Corte
Cost. Sent. 27.6.2012 n. 166
Salve
le norme sulle incompatibilità della professione di avvocato (legge n.
339/2003) che non consentono più l’esercizio della professione forense ai
dipendenti pubblici part-time con orario fino al 50% di quello a tempo pieno.
Lo
ha deciso il giudice delle leggi nella sentenza in rassegna con la quale
dichiara non fondate le questioni di legittimità costituzionale degli artt. 1 e
2, L. 25
novembre 2003, n. 339 (Norme in materia di incompatibilità dell’esercizio della
professione di avvocato), sollevate, sia in relazione agli articoli 3, 4, 35 e
41 della Costituzione, sia in riferimento al parametro della ragionevolezza
intrinseca di cui all’art. 3, secondo comma, Cost., dalle SS.UU. civili della
Corte di Cassazione.
La Consulta ricorda che la legge censurata – diversamente da
quanto precedentemente previsto dall’art. 1, commi 56 e 56-bis, della legge n.
662 del 1996 – non consente più l’esercizio della professione forense ai
dipendenti pubblici part-time con orario fino al 50% di quello a tempo pieno e
per coloro i quali, già pubblici dipendenti (part-time), avevano ottenuto
l’iscrizione dopo la data di entrata in vigore della legge n. 662 del 1996,
l’art. 2 della legge censurata pone la seguente disciplina transitoria:
a)
opzione per il mantenimento del
rapporto d’impiego, da comunicare al consiglio dell’ordine d’iscrizione entro
trentasei mesi, pena la cancellazione dall’albo, con diritto alla
reintegrazione nel rapporto di lavoro a tempo pieno;
b)
opzione, entro lo stesso termine, per la cessazione del rapporto d’impiego e
conseguente mantenimento dell’iscrizione all’albo degli avvocati, salva la
conservazione per un ulteriore quinquennio del diritto alla riammissione in
servizio a tempo pieno entro tre mesi dalla richiesta.

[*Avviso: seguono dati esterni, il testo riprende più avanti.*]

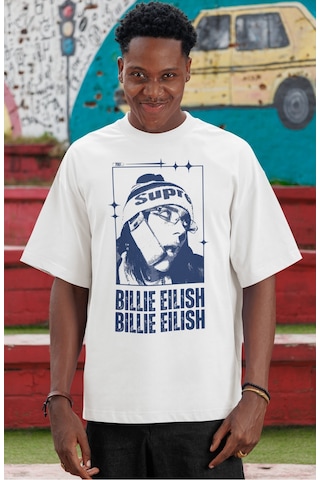 Sevbano Billie Eilish Şarkıcı Ön Baskılı Unisex Oversize Tişört Beyaz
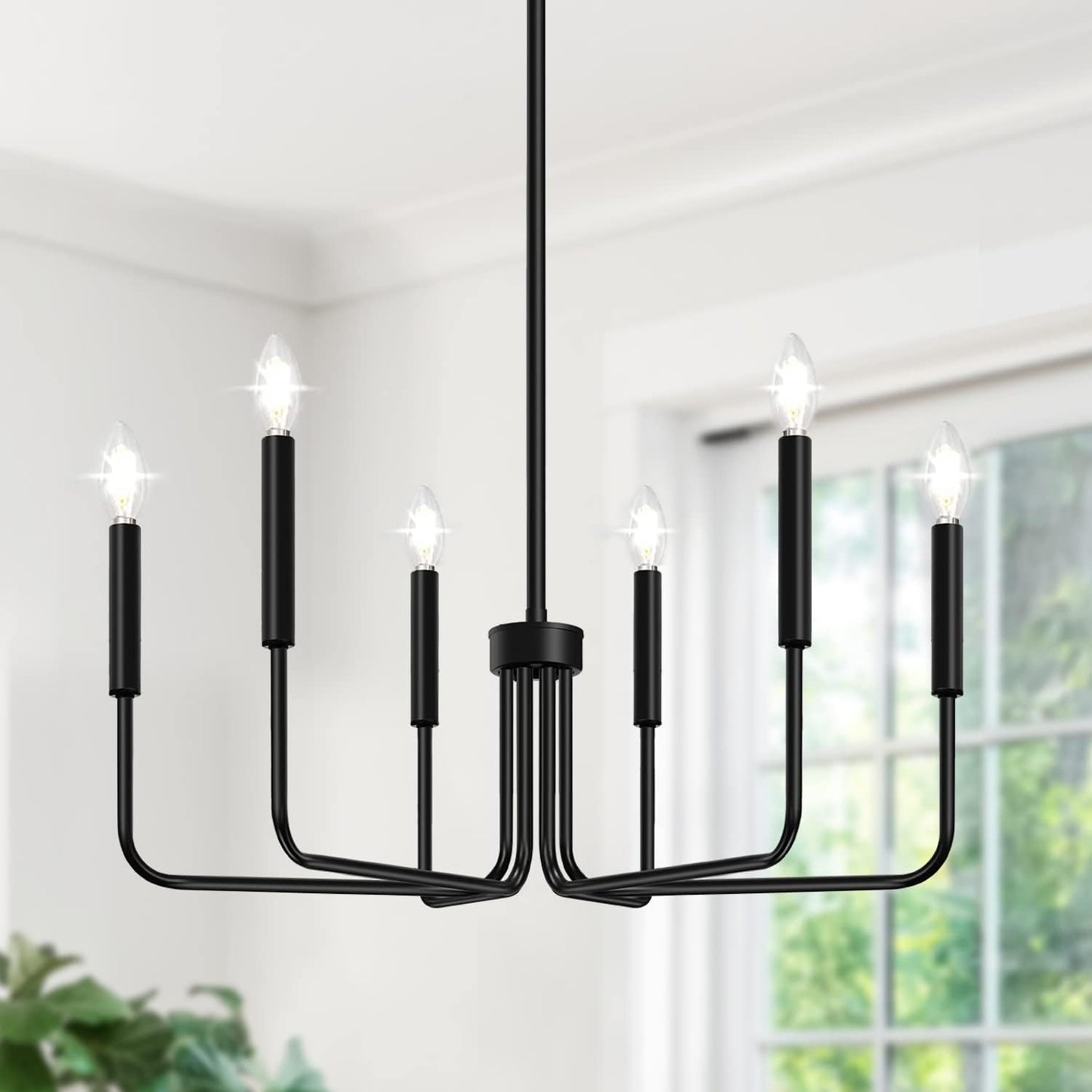 6-Light Farmhouse Chandelier for Dining Room Lighting Fixtures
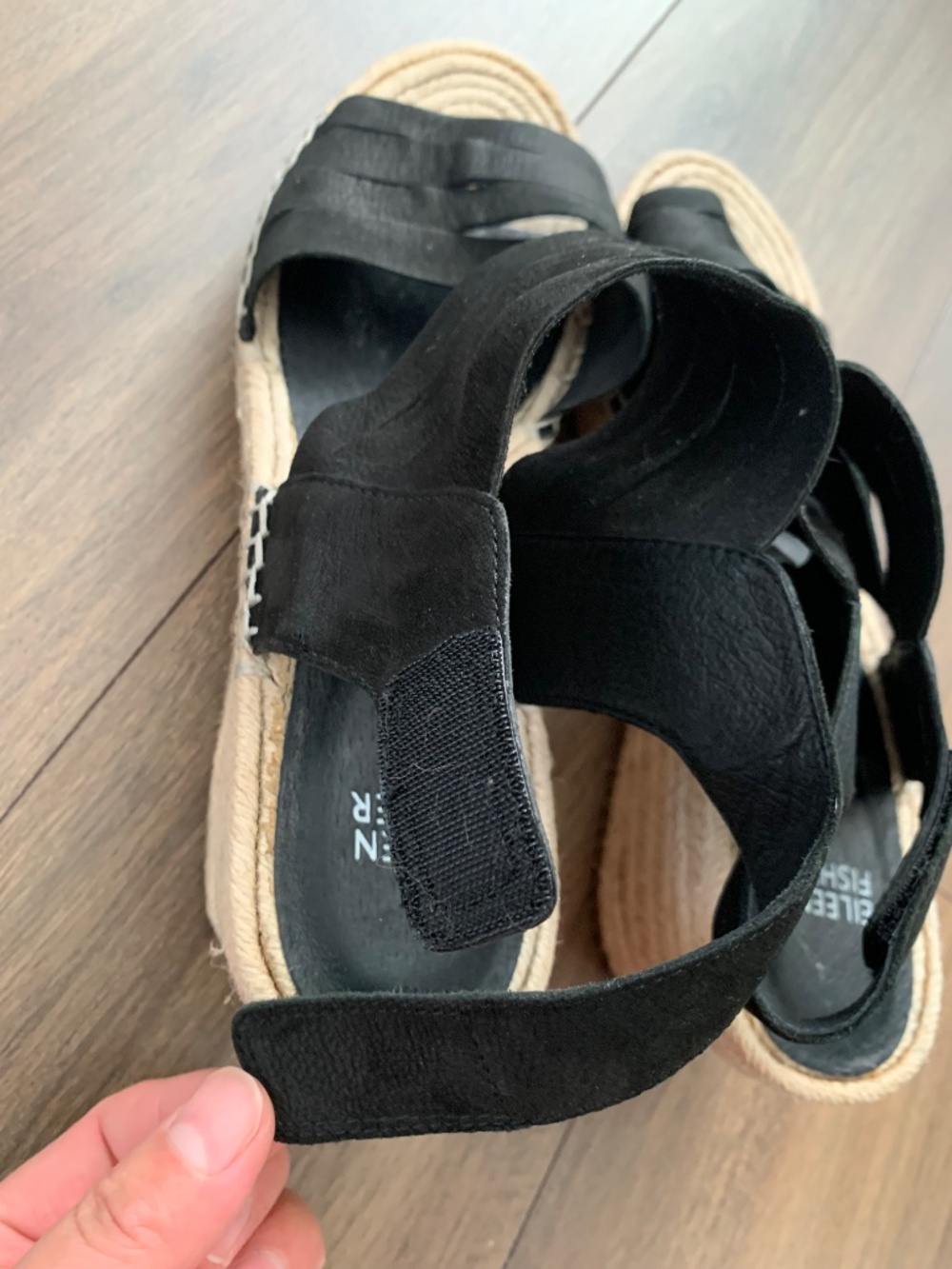 Eileen Fisher Sandal Largo Black Suede Espadrille Platform Wedges size 11 - Picture 6 of 8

La Corte rimettente denunciava il vulnus a suo dire inferto
dalla legge censurata al legittimo affidamento, riposto dai soggetti che già si
trovavano nello stato di avvocati part-time, nella possibilità di proseguire
nel tempo nel mantenimento di detto stato, sospettando che l’assetto degli
interessi in questione sia stato realizzato dalla normativa in esame
sacrificando situazioni soggettive ormai consumatesi.
In
tal modo, l’affidamento fondato sulla situazione normativa preesistente sarebbe
stato a suo avviso arbitrariamente frustrato, con violazione del principio di
ragionevolezza di cui all’art. 3 Cost., nonché, in ragione degli interessi
nella specie coinvolti, degli artt. 4, 35 e 41 Cost., relativi alle garanzie
del lavoro e della libertà d’iniziativa economica.